The data available thus far from DIAN have confirmed that autosomal-dominant and late-onset AD are closely similar in terms of their biomarker and clinical course, Morris said at the plenary. The major phenotypic differences are that motor symptoms, seizures, and amyloid deposition in the basal ganglia occur more often in autosomal-dominant AD than in LOAD (for detailed coverage of DIAN, see ARF related news series). Even as DIAN is continuing its natural history study, with 304 people age 19 and up enrolled and new centers joining, the network has also pushed clinical trials toward an ultimate goal of combination treatments to halt the disease. “DIAN data show that the disease first manifests in overproduction of Aβ. This supports the amyloid hypothesis, but the reason we are doing this is not only to understand the natural history of the disease, but also to test it directly,” Morris said.
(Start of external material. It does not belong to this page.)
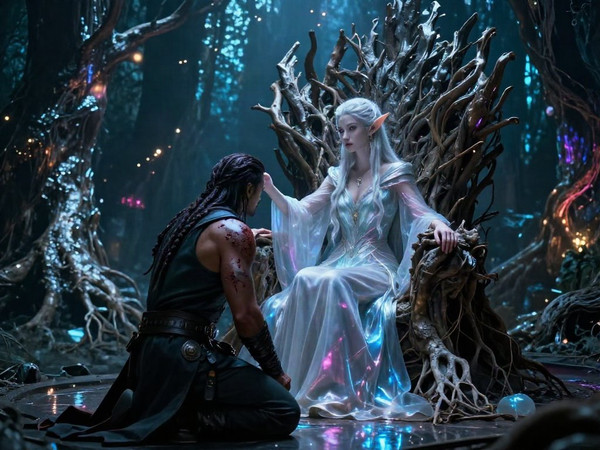 Z-Image Turbo — The Elven Queen's Champion — Neo Noir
To that end, the network created a trials unit (DIAN TU), led by Randall Bateman at WashU. This precompetitive group of 10 pharma companies collaborates on trial planning and nominates their drugs for DIAN trials. Two members, Roche and Lilly, joined a competitive investigation of their unapproved therapies side by side in a single trial, the first such instance in Alzheimer’s disease drug development. Roche and Lilly worked out a contract with WashU in less than a year, agreed on a single protocol for an anti-amyloid preclinical treatment trial, and obtained FDA approval without any protocol changes, as well as IRB approval. “It took less than three months from the announcement of the three selected drugs to our first trial participant signing informed consent on December 31, 2012,” Morris said. That participant subsequently was randomized to receive active drug or placebo on 18 March 2013, officially inaugurating the era of secondary prevention trials in AD, said Morris.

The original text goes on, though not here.